Find the equation of the tangent in the form $: Ax+By+C=0$

Now, the equation of any circle passing through the intersection of the given circle & $Ax+By+C=0$

can be written as $x^2+y^2+4x-6y-3+K(Ax+By+C)=0$ where $K$ is an arbitrary constant

Use the fact that this circle passes through $(1,1)$ to find $K$

Answer 2

Note that your equation is equivalent to $(x+2)^2+(y-3)^2=16$ hence it describes the circle with center $C(-2,3)$ and radius 4. Let $D(2,3)$ be the intersection point. Notice that $CD$ is parallel to the x-axis so the tangent at point $D$ must be parallel to the y-Axis and thus satisfies the equation $y=2$. Now, if the second circle touches this line also in D, then its center C' must be also with y-coordinate 3. Hence, the circle is symmetric to the line $y=3$ and you know that $(2,3),(1,1)$ and therefore also $(1,5)$ lies on the circle. Now you got three points for your circle and can set this into the general circle equation $(x-a)^2+(y-b)^2=r^2$ to obtain $r,a,b$.

Answer 3

So, first, you realize that the equation of the circle must be of the form $$ (x-h)^2 + (y-k)^2 = r^2. $$Then, since $(1,1)$ is on the circle, we get $$ (1-h)^2 + (1-k)^2 = r^2. $$Then, we note that $(2,3)$ is the only intersection of $$ (x+2)^2 + (y-3)^2 = 16 $$ and $$ (x-h)^2 + (y-k)^2 = r^2. $$So let us say we were given $h,k,r$. Then, we can solve for the intersection(s) of the two circles. We want $(2,3)$ to be the only one. One way to finish from here is to subtract the two equations, solve for $y$ in terms of $x$, substitute back in, and keep bashing.

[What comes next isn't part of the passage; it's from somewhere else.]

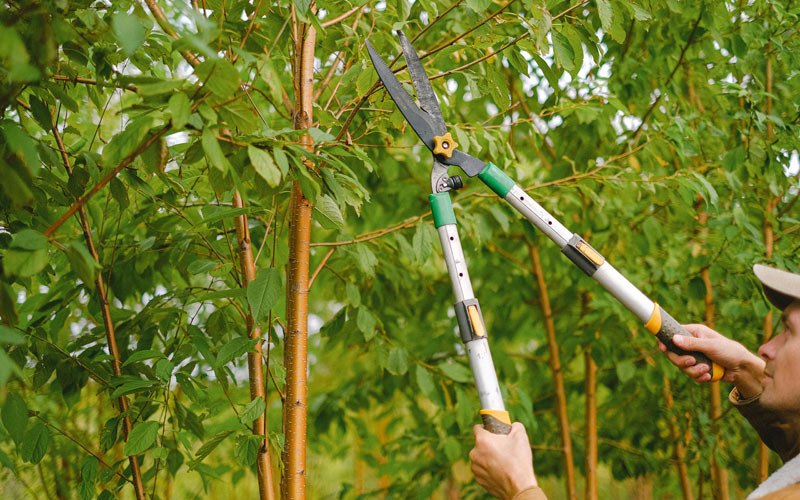 Tree trimming in Blodgett, OR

However, there's an easier way. We want the two circles to be tangent at $(2,3)$, so that already brings it down to two circles $-$ one that is internally tangent and one that is externally tangent. In both cases, it is clear that we want the points $(-2,3)$, $(2,3)$, and $(h,k)$ collinear. This is just because the centers of the circle and the tangency point must be collinear.

Now, you can finish.